::: RECORDS FOR THIS EXERCISE

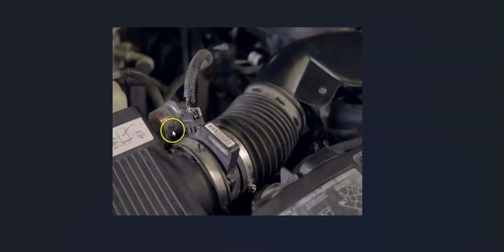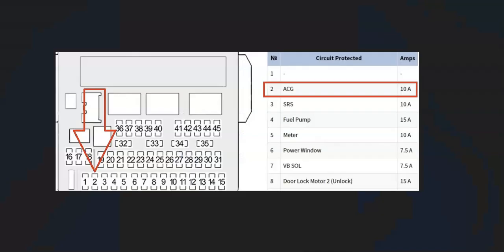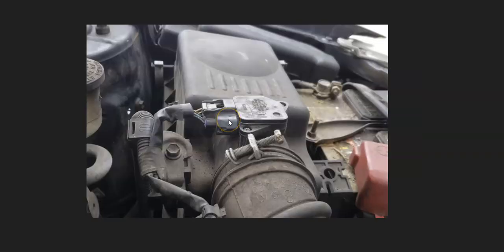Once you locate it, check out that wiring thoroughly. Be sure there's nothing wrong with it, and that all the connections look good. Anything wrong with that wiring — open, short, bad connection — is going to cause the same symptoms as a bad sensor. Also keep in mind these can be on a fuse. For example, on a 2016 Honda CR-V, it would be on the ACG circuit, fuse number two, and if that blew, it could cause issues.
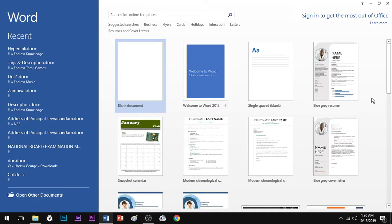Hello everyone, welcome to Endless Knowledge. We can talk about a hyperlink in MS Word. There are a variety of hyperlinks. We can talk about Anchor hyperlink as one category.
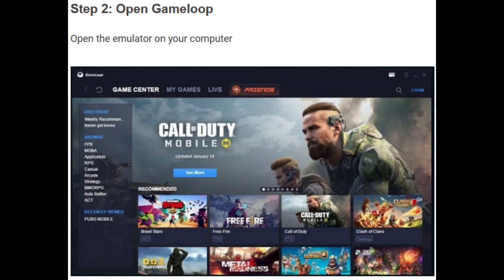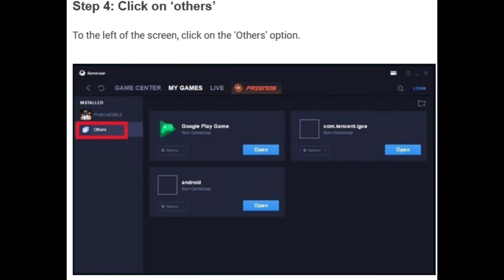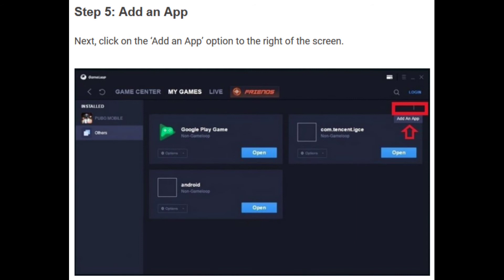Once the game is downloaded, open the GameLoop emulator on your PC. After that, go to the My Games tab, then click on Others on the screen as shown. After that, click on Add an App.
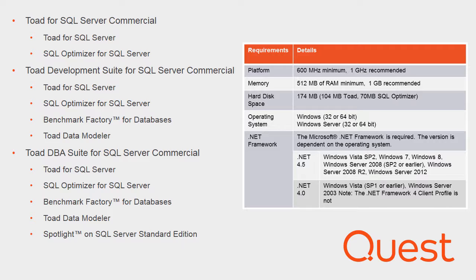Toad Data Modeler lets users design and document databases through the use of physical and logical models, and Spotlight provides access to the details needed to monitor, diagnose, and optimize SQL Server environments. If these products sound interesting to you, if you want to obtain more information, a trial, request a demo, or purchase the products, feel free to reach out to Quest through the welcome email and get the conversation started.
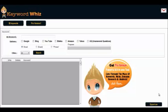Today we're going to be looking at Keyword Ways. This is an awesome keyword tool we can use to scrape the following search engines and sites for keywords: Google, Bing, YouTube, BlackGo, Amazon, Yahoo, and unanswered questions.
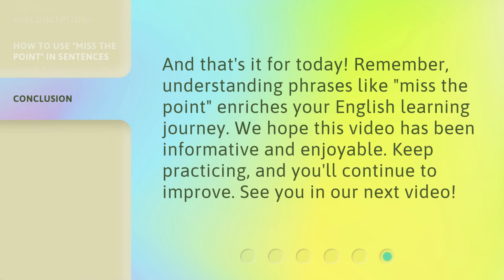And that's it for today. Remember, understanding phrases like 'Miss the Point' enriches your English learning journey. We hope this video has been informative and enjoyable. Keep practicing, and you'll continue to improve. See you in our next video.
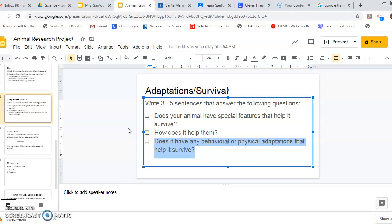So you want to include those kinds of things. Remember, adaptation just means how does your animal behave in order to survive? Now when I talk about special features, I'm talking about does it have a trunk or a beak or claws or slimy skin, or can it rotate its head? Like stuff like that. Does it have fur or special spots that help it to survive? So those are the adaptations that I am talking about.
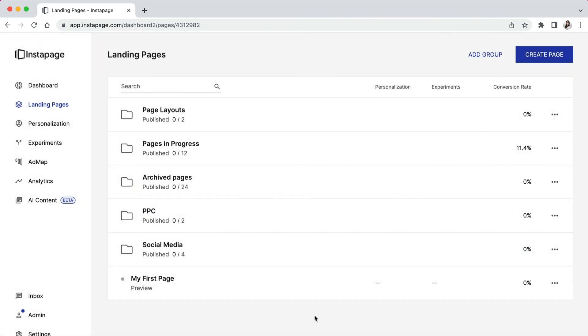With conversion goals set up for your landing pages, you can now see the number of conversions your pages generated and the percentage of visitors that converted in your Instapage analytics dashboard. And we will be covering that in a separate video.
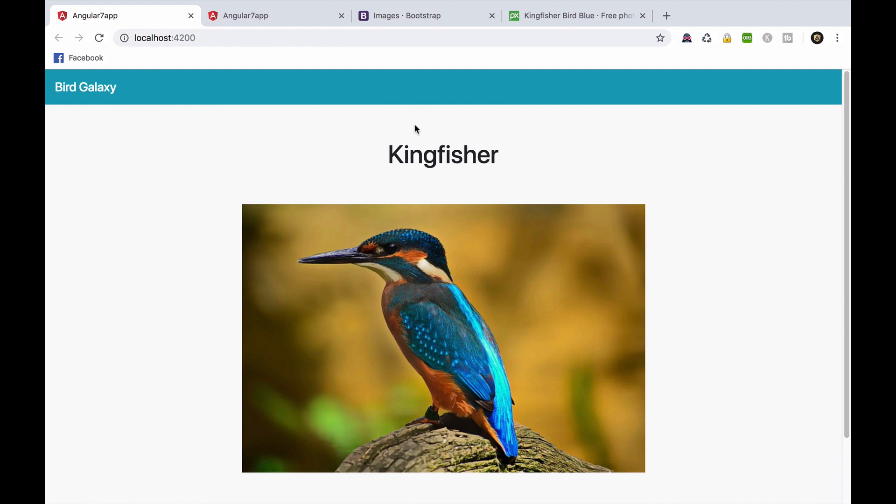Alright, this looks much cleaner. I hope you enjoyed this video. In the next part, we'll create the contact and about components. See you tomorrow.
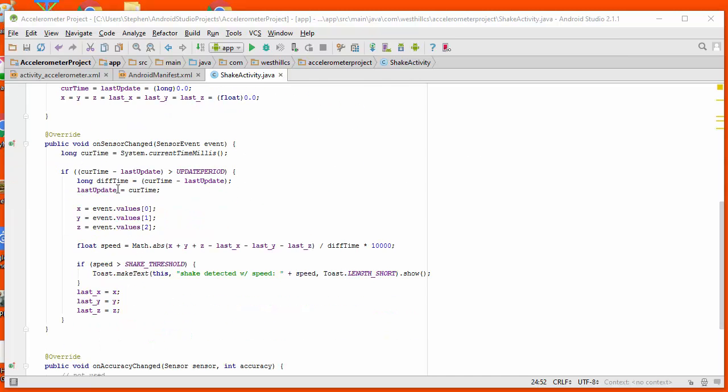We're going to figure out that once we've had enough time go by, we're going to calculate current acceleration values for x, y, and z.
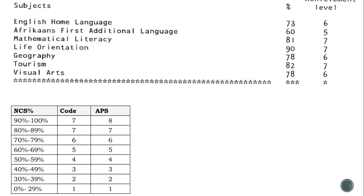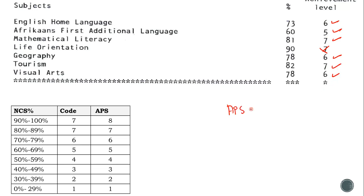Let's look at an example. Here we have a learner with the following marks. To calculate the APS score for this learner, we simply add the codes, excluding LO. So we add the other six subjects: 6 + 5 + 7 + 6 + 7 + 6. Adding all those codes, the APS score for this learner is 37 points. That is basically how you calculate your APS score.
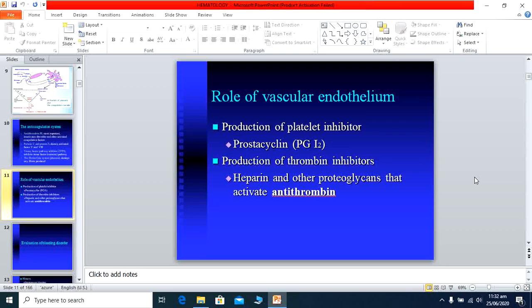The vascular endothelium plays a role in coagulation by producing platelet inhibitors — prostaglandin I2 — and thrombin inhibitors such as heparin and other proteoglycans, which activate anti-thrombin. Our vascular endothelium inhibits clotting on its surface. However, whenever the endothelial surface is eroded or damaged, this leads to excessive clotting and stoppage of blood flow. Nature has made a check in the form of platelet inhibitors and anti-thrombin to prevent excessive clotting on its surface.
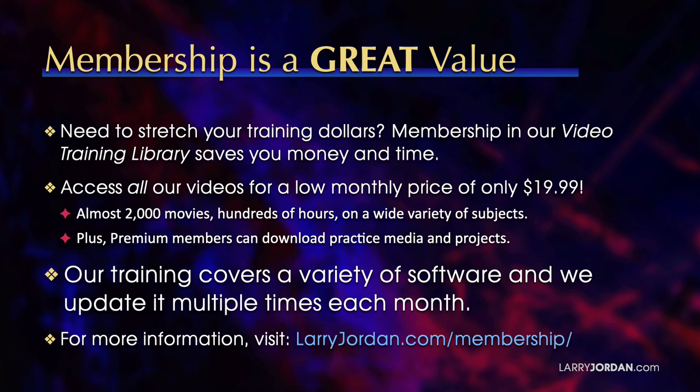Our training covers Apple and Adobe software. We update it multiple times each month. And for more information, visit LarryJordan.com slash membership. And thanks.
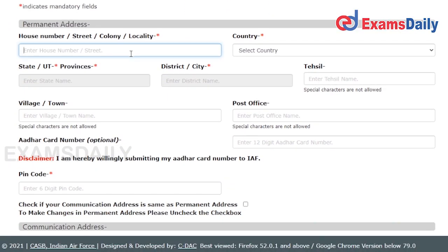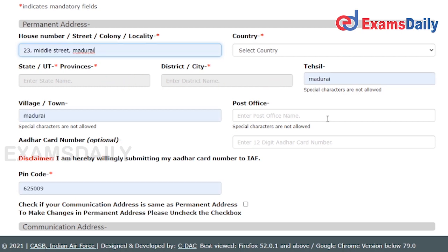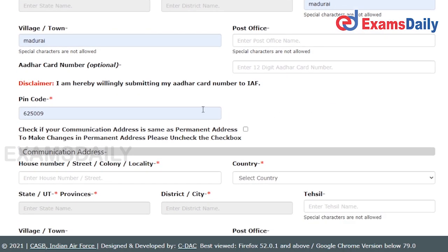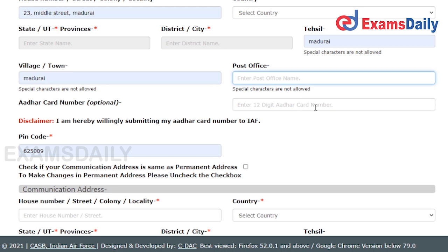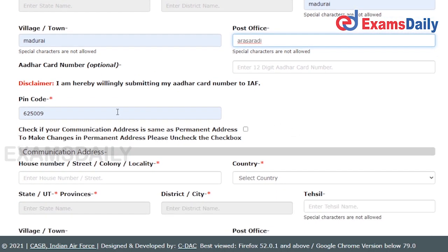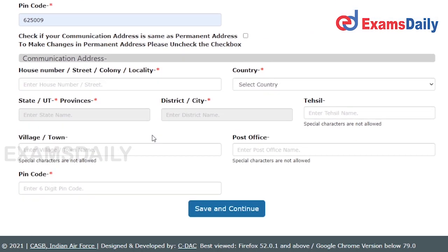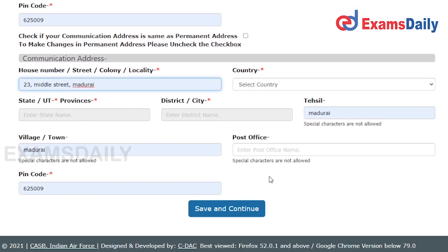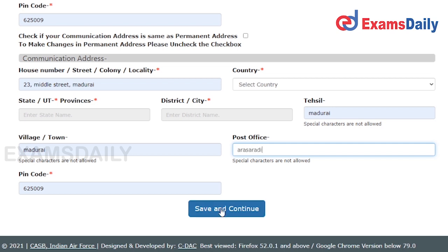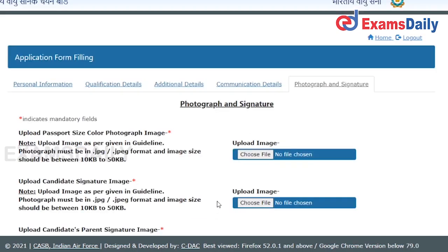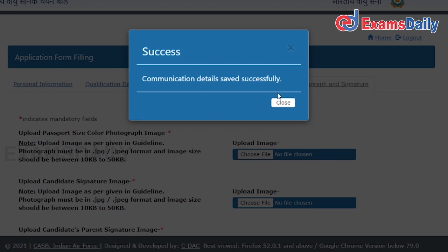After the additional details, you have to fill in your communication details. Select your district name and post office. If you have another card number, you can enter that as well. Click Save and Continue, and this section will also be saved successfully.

::::::

EXERCISE BRIEF :: From the line containing "With conversion goals" to the last line of the entries, output every line exactly as written, but leave out the pictures.

COMPLETED EXERCISE ::
With conversion goals set up for your landing pages, you can now see the number of conversions your pages generated and the percentage of visitors that converted in your Instapage analytics dashboard. And we will be covering that in a separate video.
Alright, this looks much cleaner. I hope you enjoyed this video. In the next part, we'll create the contact and about components. See you tomorrow.
We're going to figure out that once we've had enough time go by, we're going to calculate current acceleration values for x, y, and z.
Let's look at an example. Here we have a learner with the following marks. To calculate the APS score for this learner, we simply add the codes, excluding LO. So we add the other six subjects: 6 + 5 + 7 + 6 + 7 + 6. Adding all those codes, the APS score for this learner is 37 points. That is basically how you calculate your APS score.
The vascular endothelium plays a role in coagulation by producing platelet inhibitors — prostaglandin I2 — and thrombin inhibitors such as heparin and other proteoglycans, which activate anti-thrombin. Our vascular endothelium inhibits clotting on its surface. However, whenever the endothelial surface is eroded or damaged, this leads to excessive clotting and stoppage of blood flow. Nature has made a check in the form of platelet inhibitors and anti-thrombin to prevent excessive clotting on its surface.
Our training covers Apple and Adobe software. We update it multiple times each month. And for more information, visit LarryJordan.com slash membership. And thanks.
After the additional details, you have to fill in your communication details. Select your district name and post office. If you have another card number, you can enter that as well. Click Save and Continue, and this section will also be saved successfully.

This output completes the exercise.